** DATA SECTION **
********************

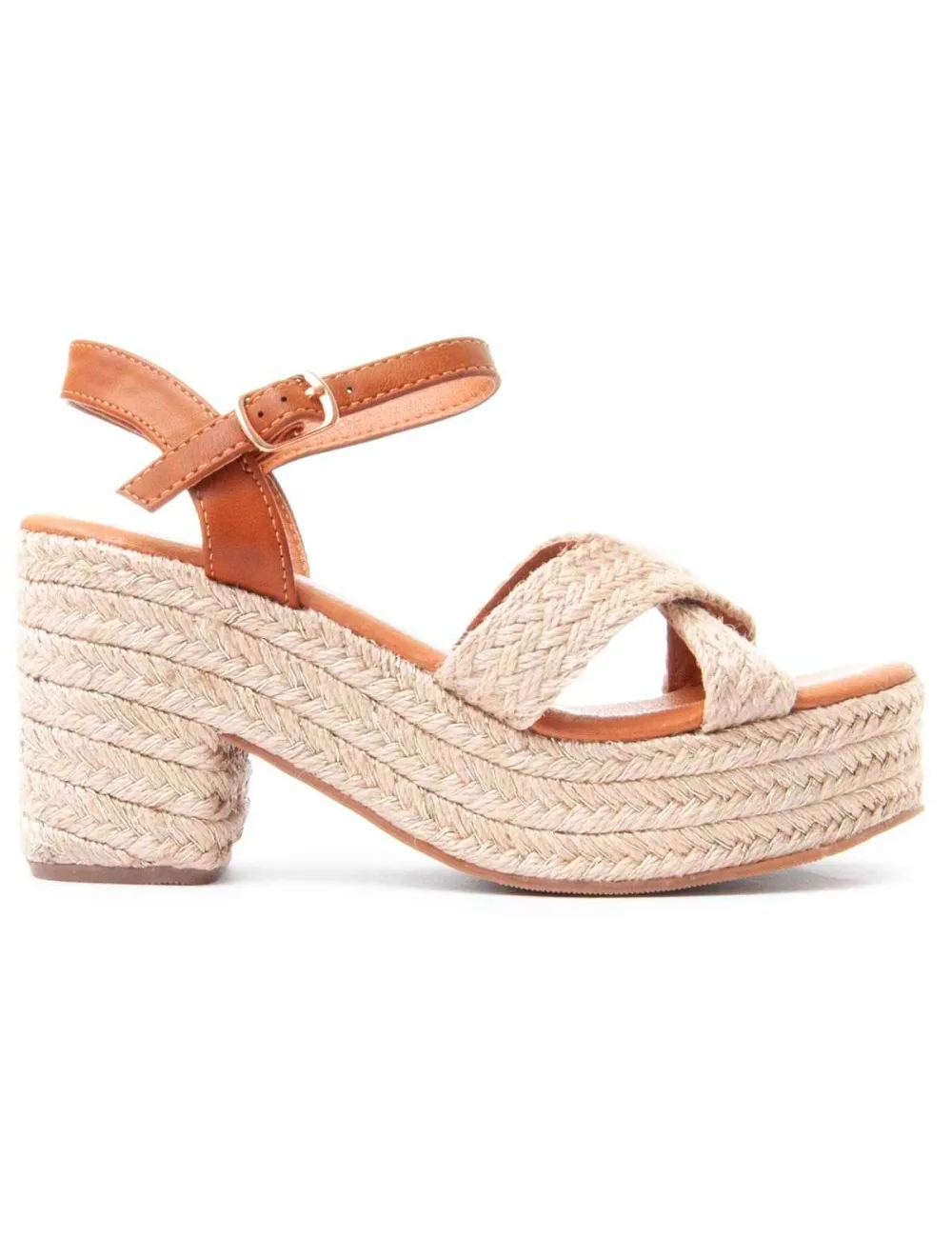 Sandalia De Tendencia Con Tacón Para Mujer.  Montevita  Yuttan  85438 Marrón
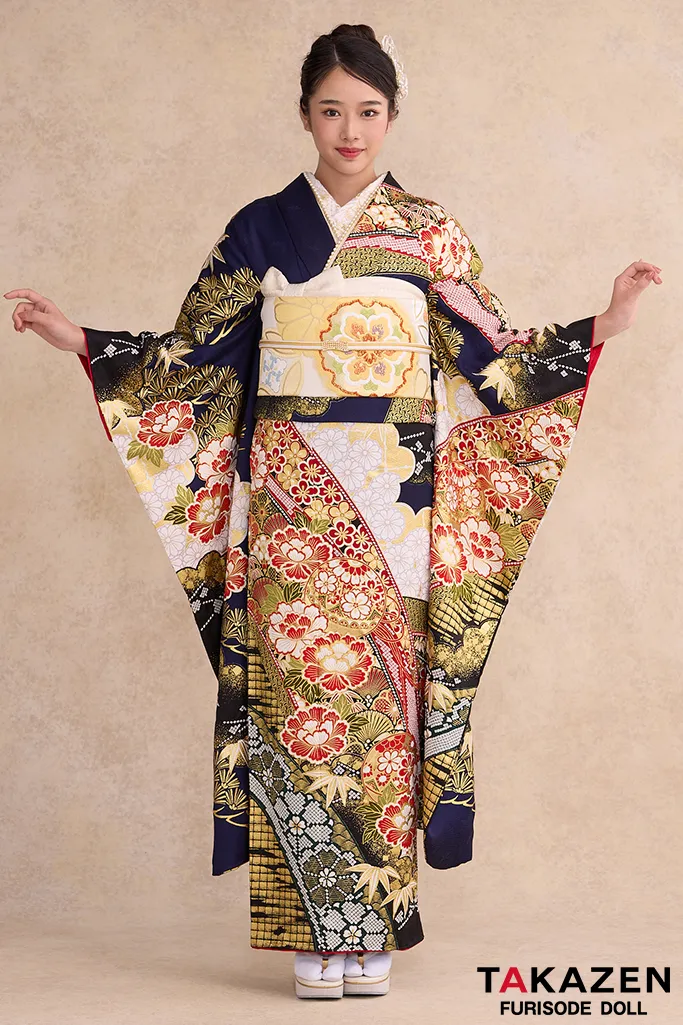 TAKAZENのレンタル振袖 最高級古典柄振袖　滝泰/最高級金彩刺繍絞り友禅　紺色/ネイビー　牡丹柄　豪華　綺麗　上品　絞り　天翔天音【通販可】26044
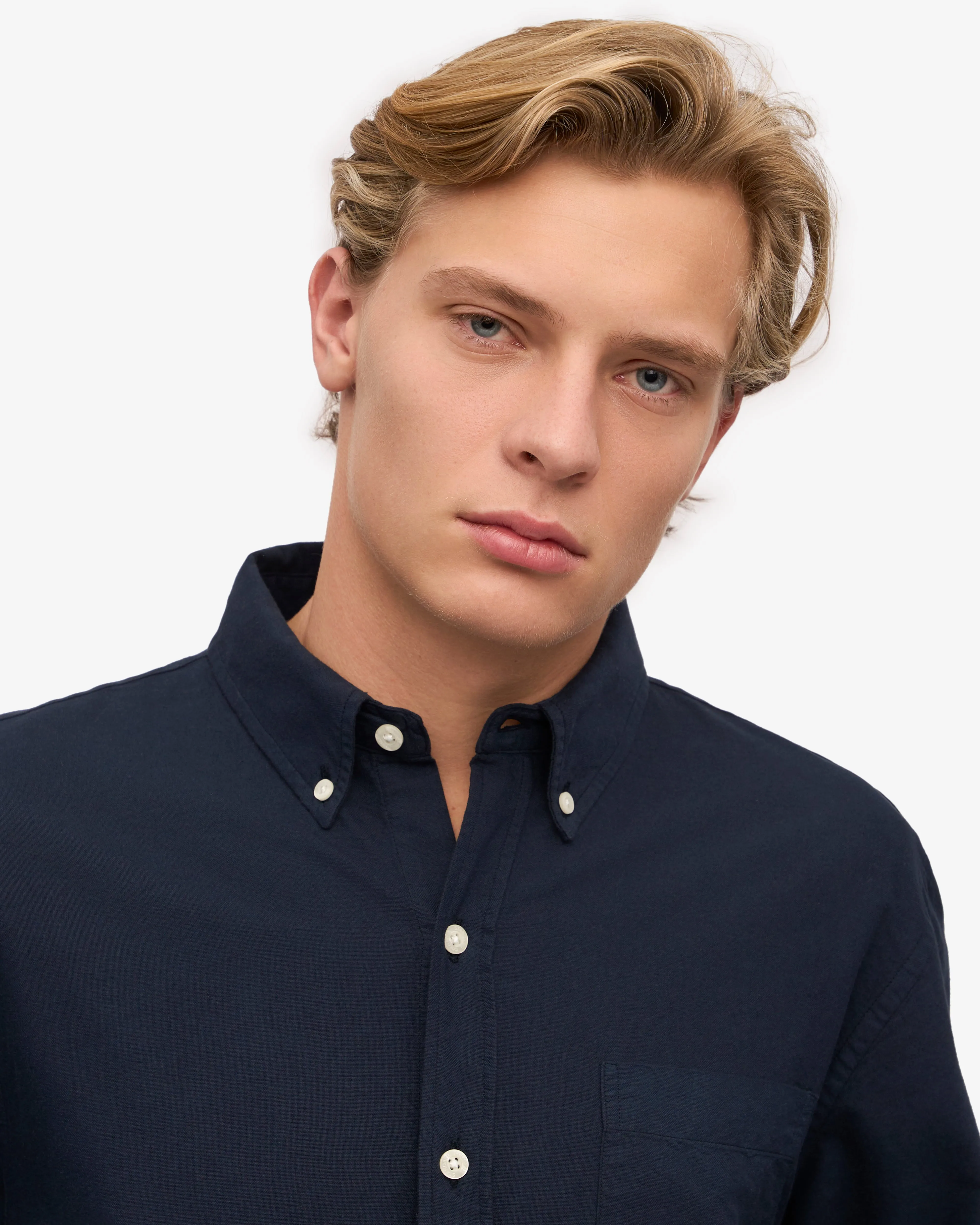 Organic Button Down Shirt - Navy Blue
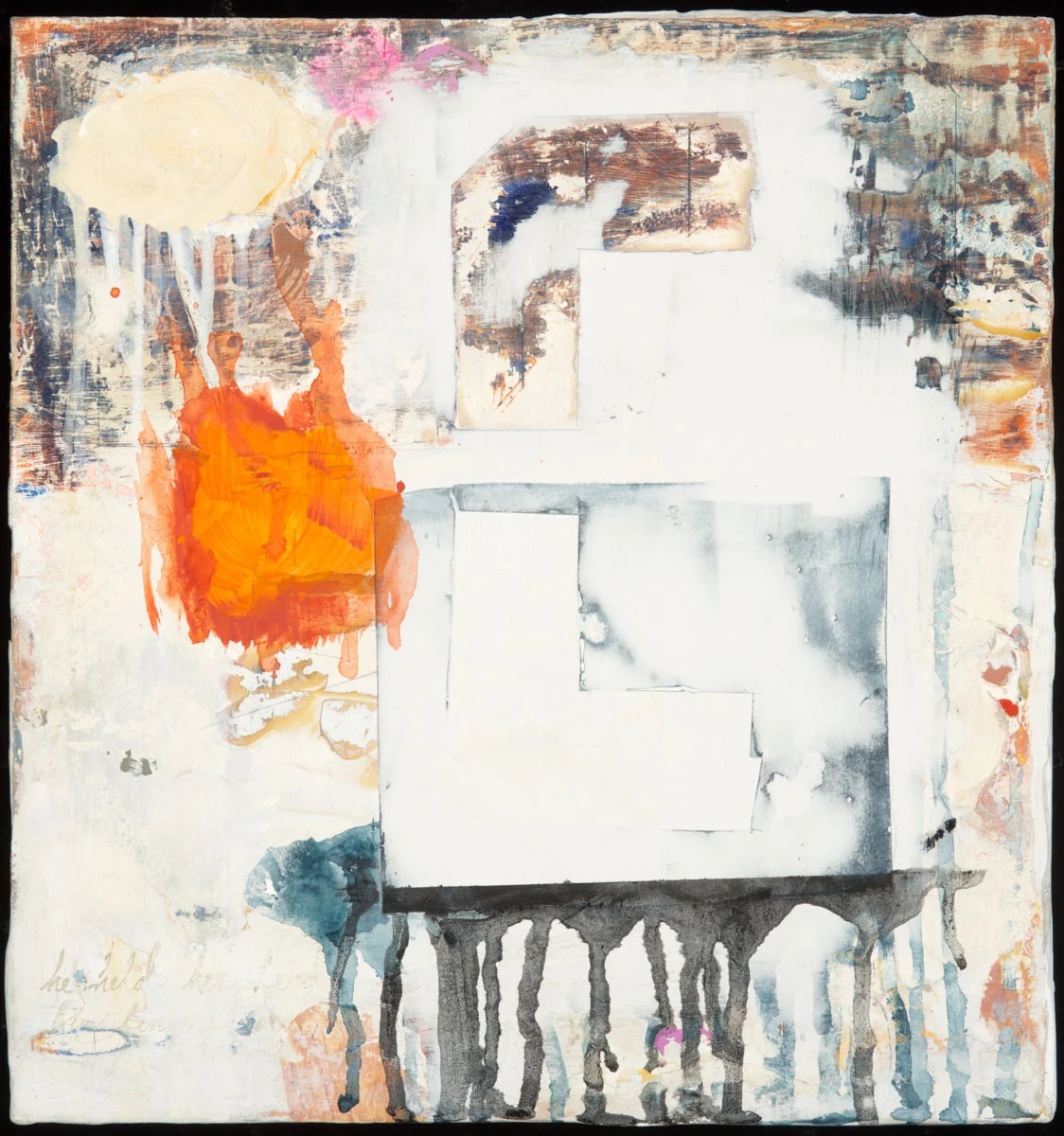 Shadow–13x13x2, mixed media on wooden panel, 2019.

********************

** TRY IT **
Give back the data verbatim. The pictures are not part of the copy.

** TASK SOLUTION **
 Sandalia De Tendencia Con Tacón Para Mujer.  Montevita  Yuttan  85438 Marrón
 TAKAZENのレンタル振袖 最高級古典柄振袖　滝泰/最高級金彩刺繍絞り友禅　紺色/ネイビー　牡丹柄　豪華　綺麗　上品　絞り　天翔天音【通販可】26044
 Organic Button Down Shirt - Navy Blue
 Shadow–13x13x2, mixed media on wooden panel, 2019.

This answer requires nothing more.